Discriminating the contribution of soil moisture and surface roughness to the backscattered radar signal is a crucial aspect when dealing with the retrieval problem [9]. If a single polarization and single frequency synthetic aperture radar (SAR) system is used, bare soil multi-parameter estimation is an ill-posed problem since one measurement is used to estimate more than one unknown. If the objective is the retrieval of one target parameter, the others are assumed to be nuisance ones (see also [10], in which a bistatic radar configuration is investigated), and their effect should be minimized both by choosing an appropriate radar configuration (for instance, observation at low incidence angle, if moisture is the target parameter) and introducing a priori information [7]. To overcome these limitations, radar multifrequency and multipolarization data can be used, including SAR polarimetric observations. The multidimensional information obtained helps separating roughness and moisture effects.
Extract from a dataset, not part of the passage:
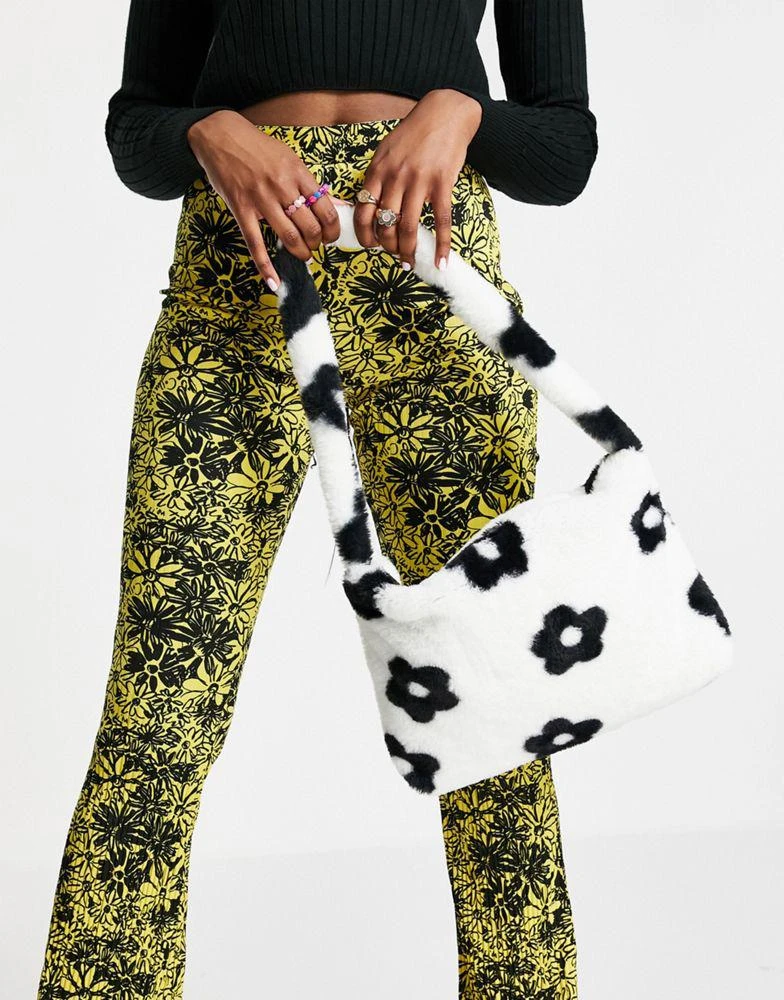 商品ASOS|ASOS DESIGN 90s shoulder bag with faux fur floral print in white ,价格¥96,第3张图片详细描述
Different approaches have been adopted to deal with the retrieval problem both from single- and multiparameter SAR data. Generally, empirical/semi-empirical techniques and physical methods are distinguished [7, 11]. The former are based on experiments providing large datasets matching radar measurements and geophysical data. By fitting in some way the experimental data, they can provide a relationship yielding the radiative quantity as a function of the instrument parameters (frequency, observation angle, polarization) and of the target condition, i.e., the forward model given as a “model function”. Alternatively, an inverse relation to directly retrieve the geophysical parameters can be derived [11-13]. Backscattering coefficients can be taken as such in the inverse relation or they can be combined in a non-linear way (i.e., ratio between polarizations) to compensate as much as possible the influence of undesired effects. A main drawback is the difficulty in characterizing the whole range of ground truth parameters, i.e., training the algorithm on a representative experimental database without limiting the range of applicability.
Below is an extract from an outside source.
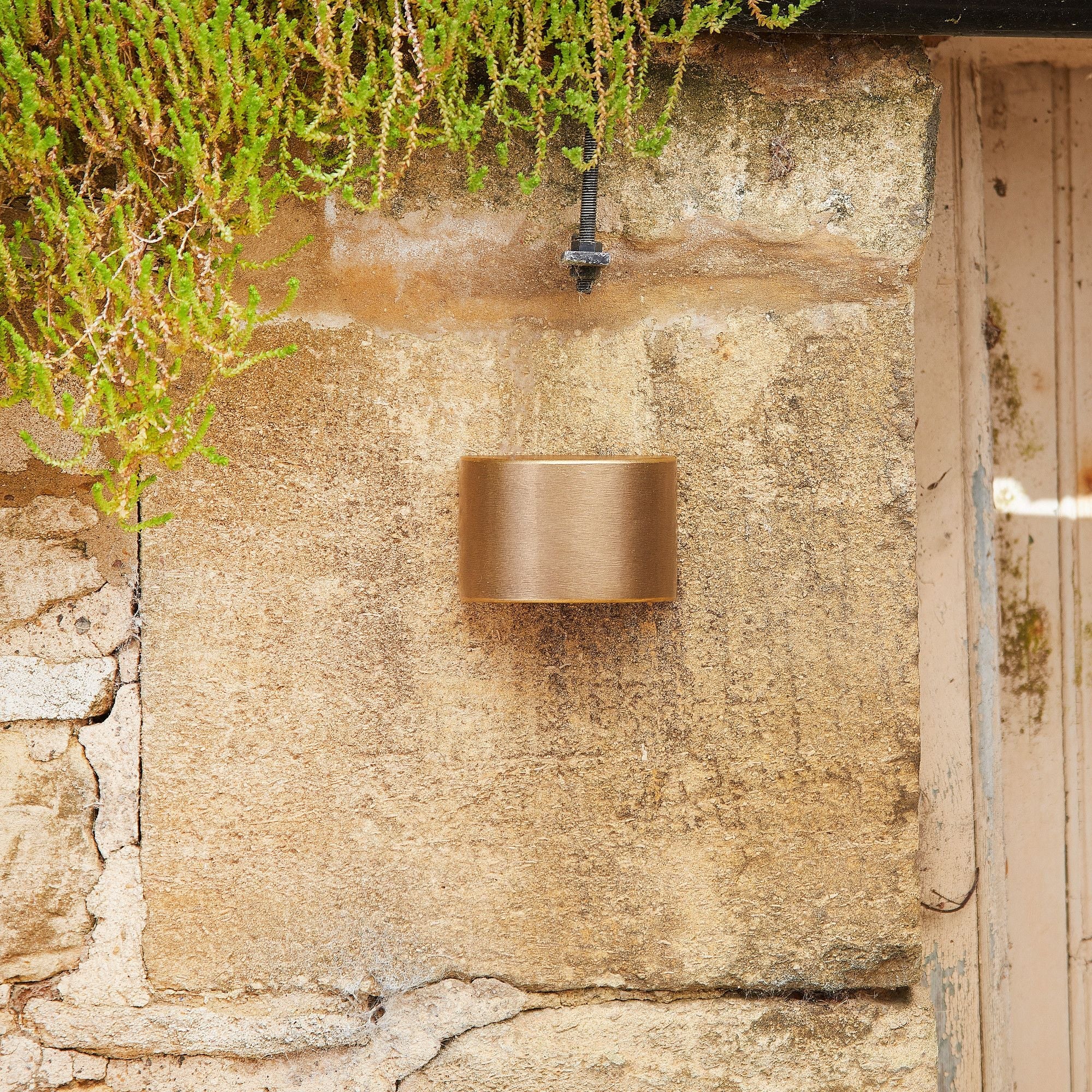 Fowey ip65 curved down light in aged brass - Image 3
Theoretical electromagnetic models physically describe the soil electromagnetic properties and the scattering mechanisms [14, 15]. They simulate the radar measurement in the presence of specific characteristics of the terrain, usually represented in terms of material (i.e., dielectric) and geometrical (i.e., roughness) properties, and as a function of the sensor parameters. Physical models have the possibility to deal with a large number of situations [16]. However, the forward model is not necessarily expressed in a closed mathematical form, so that it becomes unfeasible to find out a closed form solution for inverting it. Moreover, considerable discrepancies between simulations and actual radar data may occur, thus preventing the possibility of reliably estimating soil parameters by model inversion [11]. In other words, uncertainties in the forward model cause retrieval inaccuracies.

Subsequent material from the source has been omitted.